Le ministre de l’Intérieur vient de revenir sur l’intrusion dont certains systèmes du ministère ont été victimes à la fin de l’année dernière.

Selon lui, l’intrus a pu accéder à sept applications de police, parmi environ 150, dont « trois vraiment importantes », rapportent nos confrères de FranceInfo, y compris les fiches Interpol. Un total de 72 fiches complètes du fichier de traitement des antécédents judiciaires (TAJ) a ainsi été extrait, ainsi que 23 fiches et « environ 3000 sommaires » du fichier des personnes recherchées (FPR).
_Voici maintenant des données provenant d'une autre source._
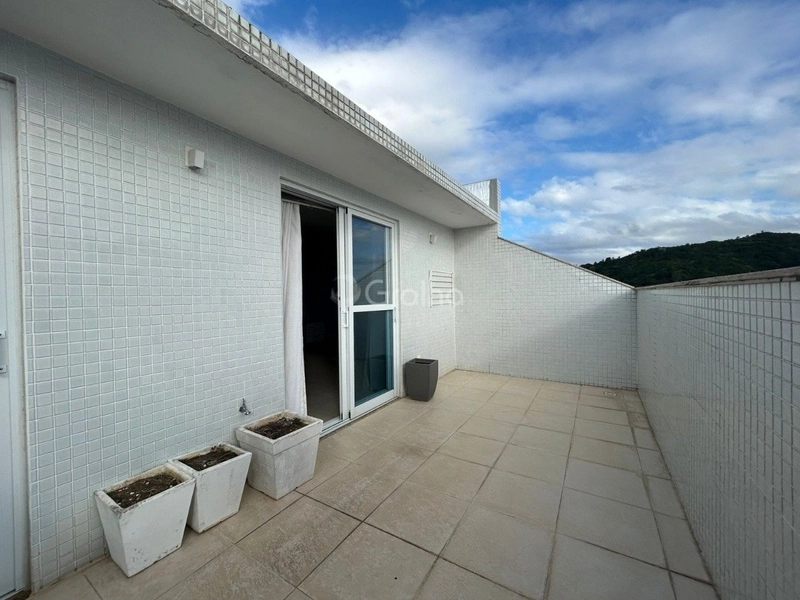 Cobertura 4 quartos - 4 suites - Jurerê: 20ª foto da galeria de imagens do imóvel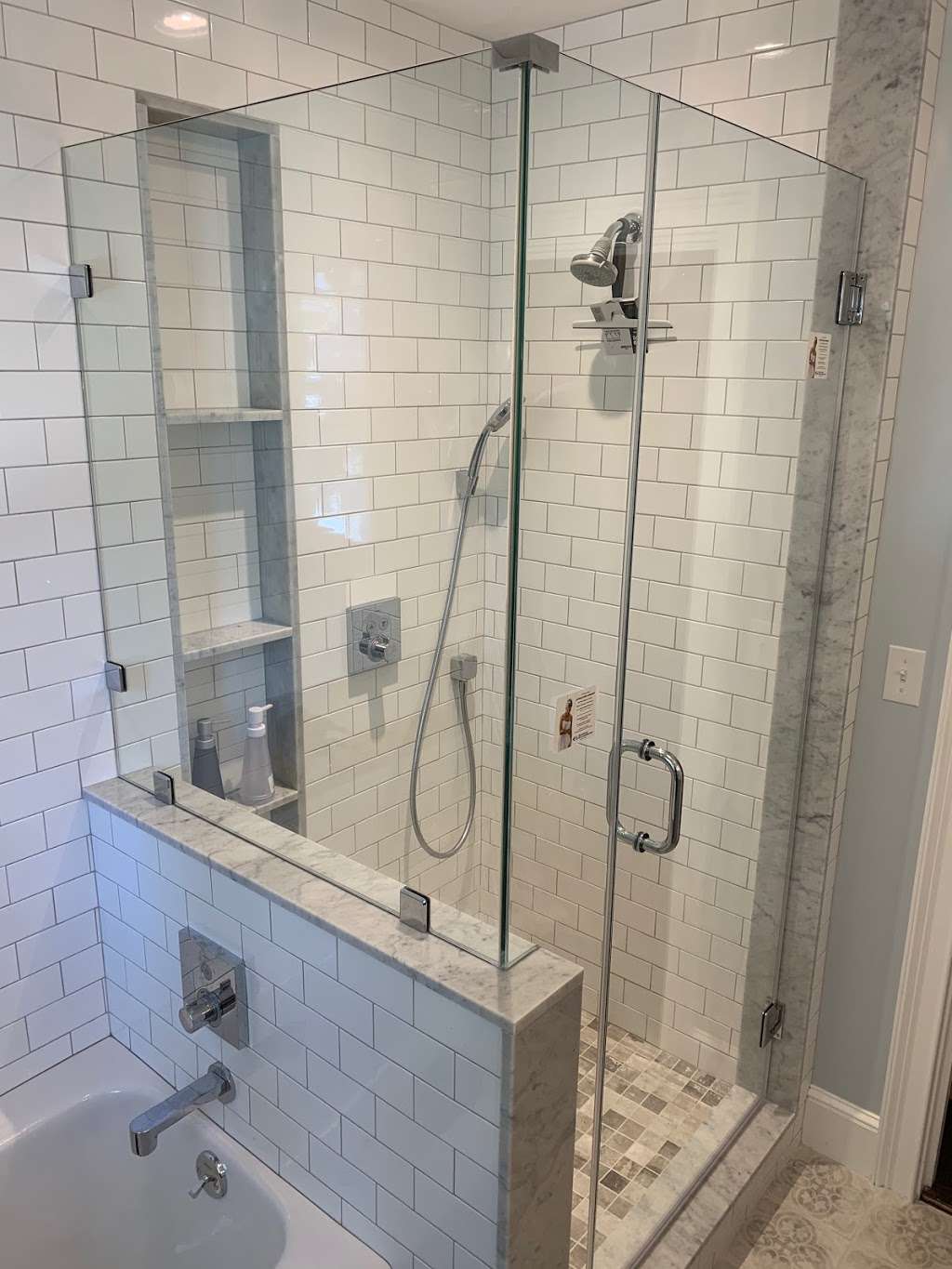 Northern Glass LLC | 29 Hayward St, Ipswich, MA 01938, USA | Phone: (978) 356-7942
À cela s’ajoute une fiche Interpol parmi 10 consultées.

Ces informations confortent les éléments obtenus auprès de sources concordantes : l’intrusion constituait une opération ciblée de collecte d’informations sur des individus précis, vraisemblablement visant des acteurs de la scène cybercriminelle française. Potentiellement à fin de constitution de dossiers dans le cadre de règlements de comptes entre amis.

Le 17 décembre, un suspect a été interpellé dans le cadre de cette affaire, un individu « né en 2003 » et « déjà connu des services de justice pour avoir été condamné pour des faits similaires en 2025 ».

Le ministre a également indiqué avoir procédé à une rotation des mots de passe des comptes de messagerie compromis dans la première phase de l’intrusion, ainsi qu’à la suppression de comptes inactifs. L’authentification à facteurs multiples (MFA) a également été généralisée à toutes les applications du portail affecté par l’intrusion à cette occasion, selon Laurent Nuñez.